No se trata solo de una cuestión social ni mucho menos política, sino de un asunto que toca directamente la fe. Las denuncias del profeta Amós y las enseñanzas de Jesús en el Evangelio según san Lucas nos llaman a vivir la justicia y la misericordia, especialmente hacia los más pobres y desamparados.

La voz profética de Amós

Amós, que vivió en el siglo VIII a.C., fue un profeta que alzó la voz contra las injusticias de su tiempo. En el Reino del Norte había abundancia y lujos, mientras el Sur padecía pobreza. Fiel a su vocación, Amós denuncia la insensibilidad de los ricos, que confiaban en sus riquezas y templos, pero eran incapaces de ver el sufrimiento de los pobres.

Su pecado no era disfrutar de los bienes materiales, sino hacerlo “sin preocuparse por las desgracias de sus hermanos”. La indiferencia, más que la riqueza en sí, es el verdadero abismo que separa al ser humano de Dios.

Jesús y el pobre Lázaro

En el Evangelio, Jesús presenta un relato conmovedor: el contraste entre un pobre llamado Lázaro y un hombre rico sin nombre. El rico no dañó directamente a Lázaro; su error fue no verlo. Ignoró su miseria, su hambre y su dolor.

A los ojos del mundo, quizás no cometió un delito. Pero ante Dios, su pecado fue la indiferencia. Mientras disfrutaba de sus banquetes, un hombre sufría frente a su puerta. Esa distancia emocional y espiritual se transformó, después de la muerte, en un abismo imposible de cruzar.

El mensaje para nosotros

La enseñanza de Jesús es clara: no podemos ser insensibles a las necesidades de nuestros hermanos. No basta con “no hacer el mal”; debemos comprometernos a hacer el bien. Si no lo hacemos, ese abismo del Evangelio puede abrirse también entre nosotros.

La parábola no está dirigida solo a los ricos y poderosos, sino a todos.
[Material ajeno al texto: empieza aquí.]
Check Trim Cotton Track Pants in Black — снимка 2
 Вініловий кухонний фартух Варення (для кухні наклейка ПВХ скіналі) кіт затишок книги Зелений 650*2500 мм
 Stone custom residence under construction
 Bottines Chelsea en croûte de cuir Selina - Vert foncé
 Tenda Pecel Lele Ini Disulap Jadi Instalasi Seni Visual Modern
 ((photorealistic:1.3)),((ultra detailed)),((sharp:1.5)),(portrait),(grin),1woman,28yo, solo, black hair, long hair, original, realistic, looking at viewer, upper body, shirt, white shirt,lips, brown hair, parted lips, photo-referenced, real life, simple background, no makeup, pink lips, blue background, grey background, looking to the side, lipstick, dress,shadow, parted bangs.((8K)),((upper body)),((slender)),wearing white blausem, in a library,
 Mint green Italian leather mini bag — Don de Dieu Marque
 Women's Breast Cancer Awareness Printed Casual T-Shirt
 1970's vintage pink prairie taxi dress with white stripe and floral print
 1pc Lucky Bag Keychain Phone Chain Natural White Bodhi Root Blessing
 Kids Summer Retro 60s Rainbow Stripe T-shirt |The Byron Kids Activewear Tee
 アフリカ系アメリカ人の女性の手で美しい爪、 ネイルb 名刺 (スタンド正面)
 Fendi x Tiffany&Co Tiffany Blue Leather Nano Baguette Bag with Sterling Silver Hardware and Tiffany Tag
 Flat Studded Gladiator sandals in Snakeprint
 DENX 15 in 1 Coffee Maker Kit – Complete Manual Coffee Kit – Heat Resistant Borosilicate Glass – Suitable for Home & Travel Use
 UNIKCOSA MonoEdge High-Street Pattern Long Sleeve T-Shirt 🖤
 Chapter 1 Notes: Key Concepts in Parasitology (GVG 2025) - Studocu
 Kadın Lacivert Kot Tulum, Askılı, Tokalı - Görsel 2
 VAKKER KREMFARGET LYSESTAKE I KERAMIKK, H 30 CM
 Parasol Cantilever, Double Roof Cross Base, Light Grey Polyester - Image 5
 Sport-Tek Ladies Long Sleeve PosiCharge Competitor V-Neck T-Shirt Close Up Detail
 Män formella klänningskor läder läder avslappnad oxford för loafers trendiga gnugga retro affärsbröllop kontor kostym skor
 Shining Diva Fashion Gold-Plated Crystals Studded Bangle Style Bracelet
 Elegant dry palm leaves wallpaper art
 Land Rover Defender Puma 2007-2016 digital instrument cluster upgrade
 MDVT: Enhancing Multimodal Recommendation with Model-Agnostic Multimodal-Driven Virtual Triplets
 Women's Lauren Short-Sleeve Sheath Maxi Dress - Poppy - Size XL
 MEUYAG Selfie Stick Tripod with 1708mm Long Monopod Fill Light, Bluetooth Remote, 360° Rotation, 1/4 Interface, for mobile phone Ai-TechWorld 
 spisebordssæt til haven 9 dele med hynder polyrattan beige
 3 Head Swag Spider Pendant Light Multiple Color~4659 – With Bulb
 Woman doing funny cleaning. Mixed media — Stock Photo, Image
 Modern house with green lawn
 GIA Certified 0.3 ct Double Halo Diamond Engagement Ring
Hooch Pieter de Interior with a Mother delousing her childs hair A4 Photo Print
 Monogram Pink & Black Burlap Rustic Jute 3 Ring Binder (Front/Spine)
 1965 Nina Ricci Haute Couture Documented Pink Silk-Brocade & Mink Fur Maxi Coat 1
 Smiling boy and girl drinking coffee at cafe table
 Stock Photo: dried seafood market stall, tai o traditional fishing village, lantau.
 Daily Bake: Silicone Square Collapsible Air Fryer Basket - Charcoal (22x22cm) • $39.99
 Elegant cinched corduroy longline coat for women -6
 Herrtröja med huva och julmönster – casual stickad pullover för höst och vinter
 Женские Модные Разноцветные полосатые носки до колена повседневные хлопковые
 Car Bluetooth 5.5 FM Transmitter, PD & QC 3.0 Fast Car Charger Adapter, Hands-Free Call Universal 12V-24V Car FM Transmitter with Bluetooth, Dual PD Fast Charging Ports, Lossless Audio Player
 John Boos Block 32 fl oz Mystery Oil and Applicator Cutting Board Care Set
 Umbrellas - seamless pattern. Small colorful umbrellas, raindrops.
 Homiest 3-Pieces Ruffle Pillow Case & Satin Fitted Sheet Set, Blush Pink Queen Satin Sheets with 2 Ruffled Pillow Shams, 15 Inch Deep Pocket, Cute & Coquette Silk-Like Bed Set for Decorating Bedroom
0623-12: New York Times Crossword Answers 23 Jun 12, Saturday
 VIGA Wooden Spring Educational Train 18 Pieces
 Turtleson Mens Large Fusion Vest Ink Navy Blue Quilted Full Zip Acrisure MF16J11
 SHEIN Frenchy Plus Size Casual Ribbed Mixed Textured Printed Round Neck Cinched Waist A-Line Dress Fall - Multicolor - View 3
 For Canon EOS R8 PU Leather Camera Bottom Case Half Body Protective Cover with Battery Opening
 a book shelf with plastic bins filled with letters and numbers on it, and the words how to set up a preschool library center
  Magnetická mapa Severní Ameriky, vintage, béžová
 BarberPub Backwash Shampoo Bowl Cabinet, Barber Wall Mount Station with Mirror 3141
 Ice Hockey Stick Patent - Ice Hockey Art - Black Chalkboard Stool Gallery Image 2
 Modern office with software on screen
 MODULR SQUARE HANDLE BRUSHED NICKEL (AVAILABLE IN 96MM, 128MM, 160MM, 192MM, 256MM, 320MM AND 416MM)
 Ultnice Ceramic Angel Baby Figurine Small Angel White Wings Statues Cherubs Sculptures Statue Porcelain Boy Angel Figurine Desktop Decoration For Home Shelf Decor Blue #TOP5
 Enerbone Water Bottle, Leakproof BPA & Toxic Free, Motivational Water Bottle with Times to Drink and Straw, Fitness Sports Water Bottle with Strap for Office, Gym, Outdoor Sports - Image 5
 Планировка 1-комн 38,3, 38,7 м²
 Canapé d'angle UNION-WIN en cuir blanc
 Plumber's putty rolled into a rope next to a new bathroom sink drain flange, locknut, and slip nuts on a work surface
También nosotros, aunque no poseamos grandes fortunas, corremos el riesgo de poner nuestra seguridad en los bienes materiales y de olvidar a los “Lázaros” que viven a nuestro alrededor.

Llamados a tender puentes

Pidamos al Padre que quienes nos alimentamos de la Palabra y de la Eucaristía tengamos un corazón sensible y solidario. Que no seamos sordos ante el dolor de los pobres, ni ciegos ante las injusticias. Solo cuando aprendamos a compartir, a servir y a amar al prójimo, podremos cerrar los abismos que nos separan y vivir la verdadera caridad fraterna.

Así, daremos el justo valor a las cosas y nos prepararemos para compartir la misma mesa del Reino eterno, donde no habrá distinciones de lengua, raza ni condición, sino sólo la plenitud del amor de Dios.